(Data extracted from a collection)
/---
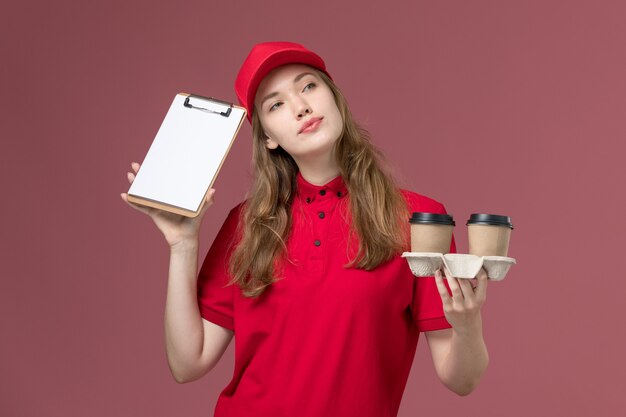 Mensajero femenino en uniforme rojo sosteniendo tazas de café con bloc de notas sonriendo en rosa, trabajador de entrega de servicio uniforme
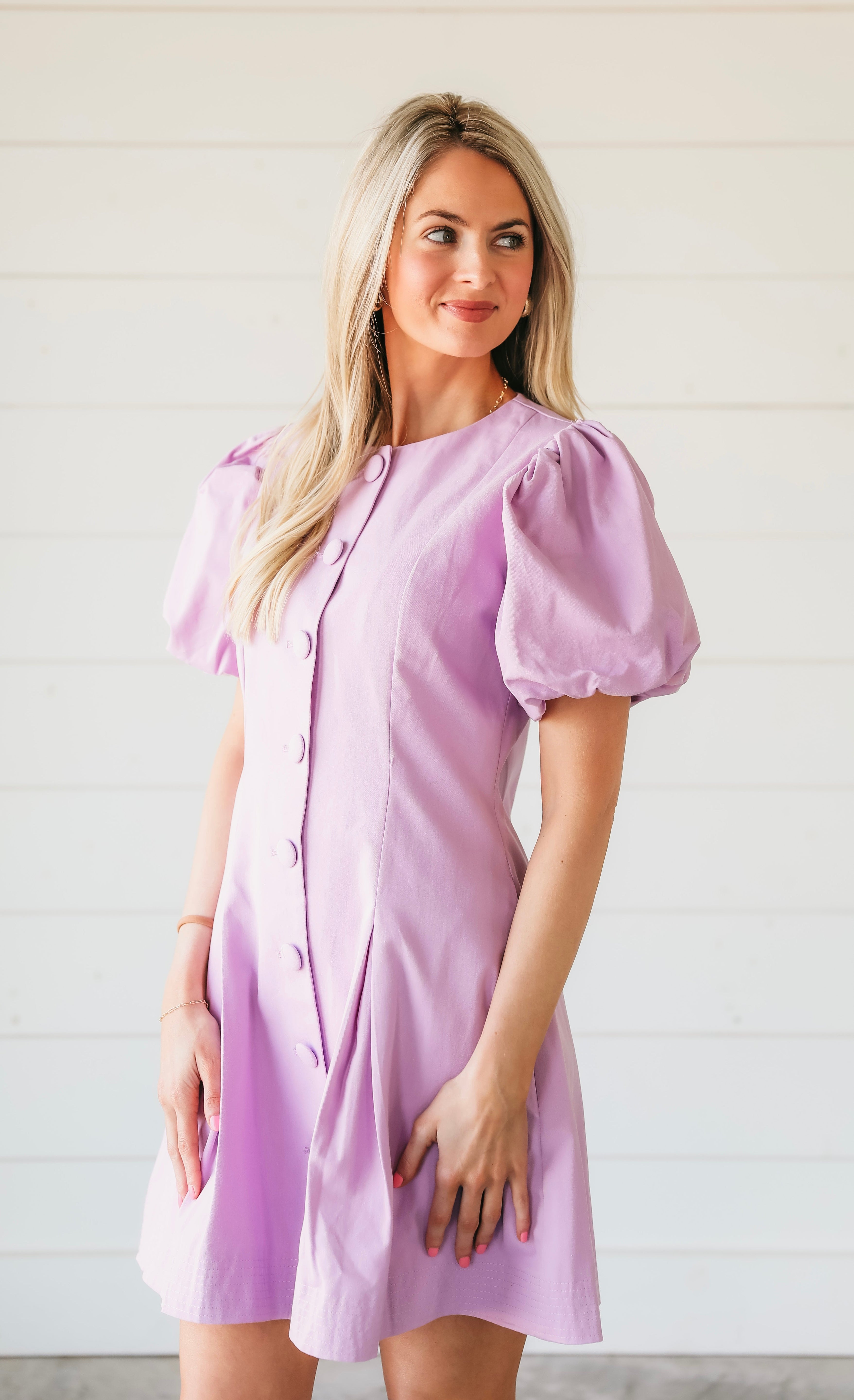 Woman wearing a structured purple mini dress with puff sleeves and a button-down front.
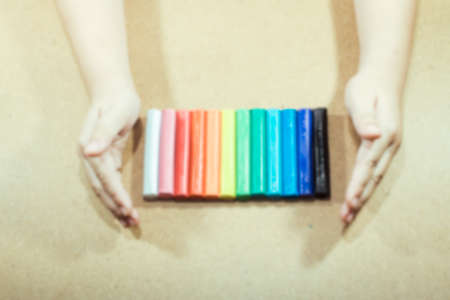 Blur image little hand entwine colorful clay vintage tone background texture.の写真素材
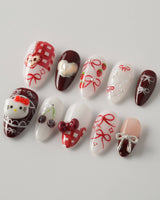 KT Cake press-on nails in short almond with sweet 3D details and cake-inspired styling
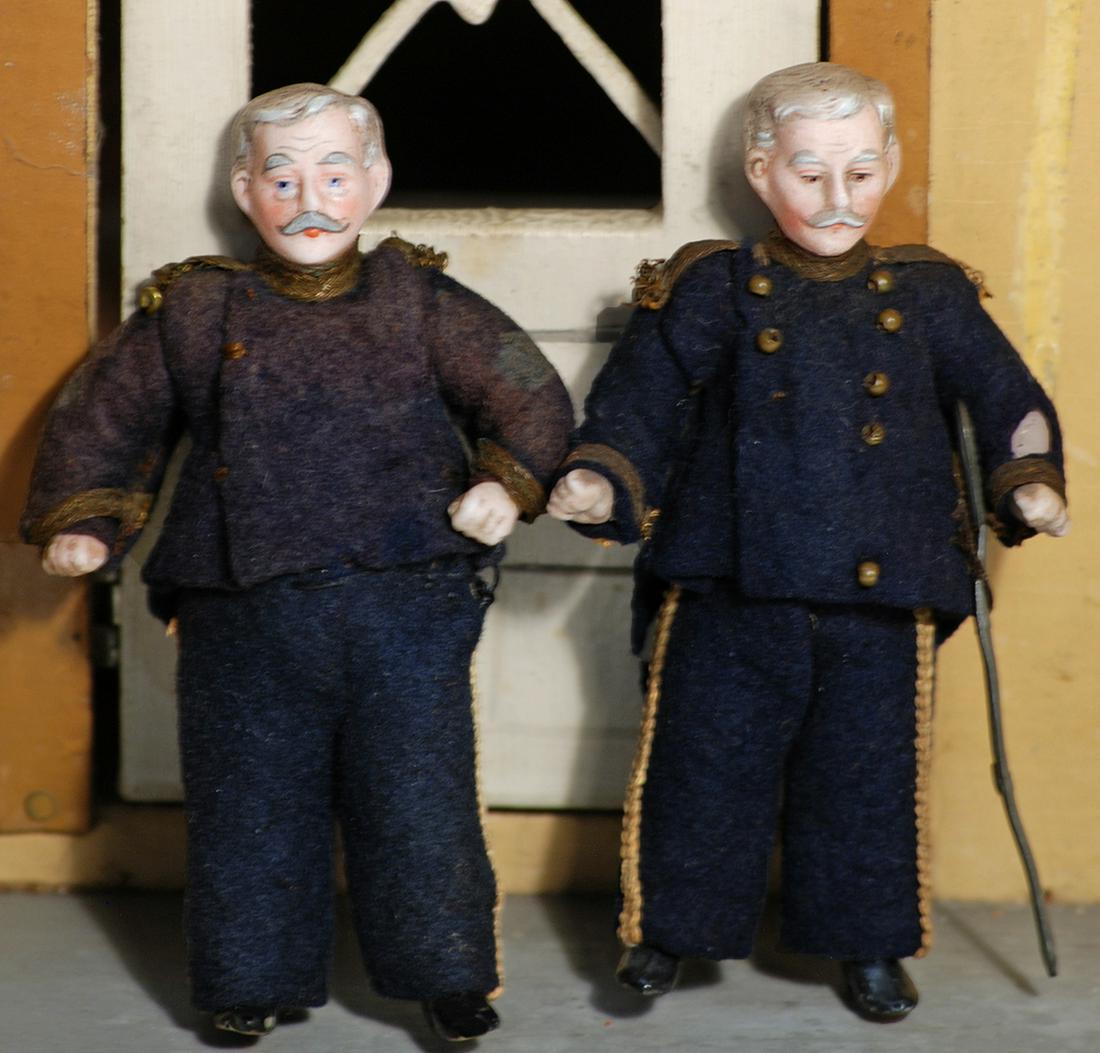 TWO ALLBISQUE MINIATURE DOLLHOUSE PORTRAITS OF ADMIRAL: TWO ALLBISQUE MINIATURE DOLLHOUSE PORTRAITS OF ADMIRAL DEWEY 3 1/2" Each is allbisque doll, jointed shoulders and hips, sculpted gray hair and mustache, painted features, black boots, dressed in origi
\---
What you will do
Return the entries above exactly, skipping any images.

Written solution
 Mensajero femenino en uniforme rojo sosteniendo tazas de café con bloc de notas sonriendo en rosa, trabajador de entrega de servicio uniforme
 Woman wearing a structured purple mini dress with puff sleeves and a button-down front.
 Blur image little hand entwine colorful clay vintage tone background texture.の写真素材
 KT Cake press-on nails in short almond with sweet 3D details and cake-inspired styling
 TWO ALLBISQUE MINIATURE DOLLHOUSE PORTRAITS OF ADMIRAL: TWO ALLBISQUE MINIATURE DOLLHOUSE PORTRAITS OF ADMIRAL DEWEY 3 1/2" Each is allbisque doll, jointed shoulders and hips, sculpted gray hair and mustache, painted features, black boots, dressed in origi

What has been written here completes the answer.